# UK trip planning - a question



## Luanne (Apr 1, 2010)

Trip to UK is booked for July. Have flights and lodging. Now I have a question. Is it better/cheaper to buy things like train tickets, Oyster card, any admission stuff ahead of time? I think I heard, or read, somewhere that it's cheaper to buy the train passes, or tickets here rather than waiting until we get to the UK. Dd said we can get the Oyster card there, and probably should wait. I think the only train we'll be taking is from London to Liverpool and back, and it looks like I can buy it online and change the date/time if needed. I know the dates we'll be going, but not exact times.

TIA for any input.


----------



## Carolinian (Apr 2, 2010)

UK train tickets are cheaper ahead of time, but make sure you do not use a US-based service like RailEurope, which will charge you more.  Buy them online from a site based in the UK.


----------



## Timeshare Von (Apr 2, 2010)

We didn't do the rail when we were last there on a TS vacation, but we did buy the Heritage Pass in advance which provided great discounts on admissions to many of the things we were planning to see and do over our two weeks there (one in Scotland and the other in England).

Here's a link to the article I wrote on the subject:  http://www.igougo.com/story-s132611...s_Making_the_Most_of_Your_Vacation_Money.html .


----------



## Luanne (Apr 2, 2010)

Carolinian said:


> UK train tickets are cheaper ahead of time, but make sure you do not use a US-based service like RailEurope, which will charge you more.  Buy them online from a site based in the UK.



I'd been checking Britrail.  I think that is based in the UK.  It's where we purchased dd's rail pass when she went to the UK last year.


----------



## Cotswolder (Apr 3, 2010)

Try either of these.

http://www.thetrainline.com

http://www.nationalrail.co.uk


----------



## Carolinian (Apr 4, 2010)

Luanne said:


> I'd been checking Britrail.  I think that is based in the UK.  It's where we purchased dd's rail pass when she went to the UK last year.

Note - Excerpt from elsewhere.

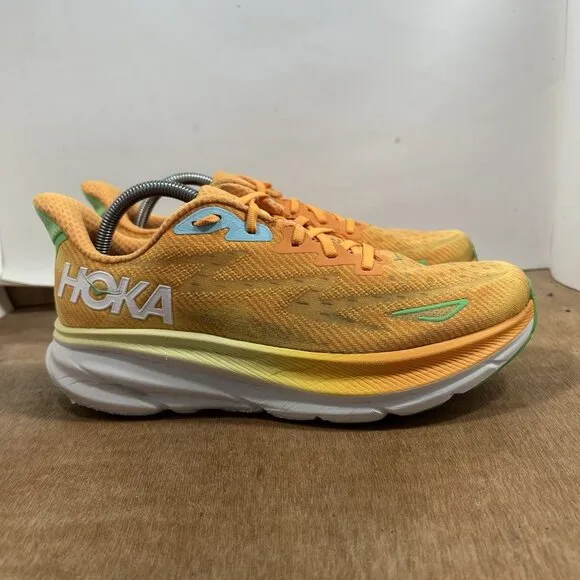 Hoka One One Clifton 9 Men Size 9.5 Orange Running Shoes Sneakers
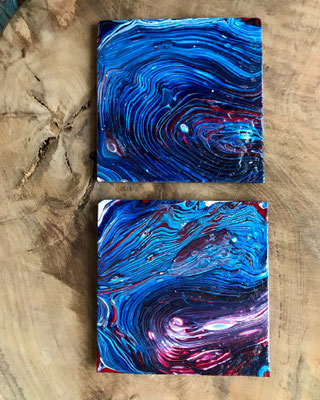 Pouring Art - onderzetters 10 x 10 cm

I was not familiar with that site, but in looking it up, it really pushes rail passes which are only availible to non-residents, so I would strongly suspect that it is not based in the UK.  If the site address ends in ''co.uk'' then it is a strong bet that it is in the UK, but if it ends in ''.com'' it may or may not be.


----------



## "Roger" (Apr 10, 2010)

As mentioned above, you can buy advanced rail tickets far more cheaply.  As Carolinian notes, British Rail appears to offer passes and they are an expensive alternative. If you are just taking the one train journey, better to just settle on a time.  (If it is a matter of taking the train the same day that you fly in, they have options that allow to take a different train if your plane is delayed that are at no extra cost.)

I have used the national rail site that Cotswolder links to.  They do have "anytime" ticket options, but you do pay a hefty price for that. (Sometimes I use the national rail site to first establish which of the British train lines goes to where I am thinking of going and then go to that train line's own site.  Sometimes you will see extra options pop up.)

Sometimes there are very good bargains on advanced first class tickets, but only in limited numbers. He who hesitates is lost. (Usually, tickets first become available twelve weeks in advance.)

Heritage is just one of a number organizations that offer passes to multiple sites.  There is also the National Trust and English Heritage.  Whether any of these passes are worth while depends upon where you are going and what happens to be in the area.  I tend to use National Trust and just decide that there sites are where I will go.  (They have wonderful country estates often with good lunch rooms on site.)  You need to look over the sites offered by any of these organizations and decide ahead of time if paying the pass is better than just paying individual entry fees.


----------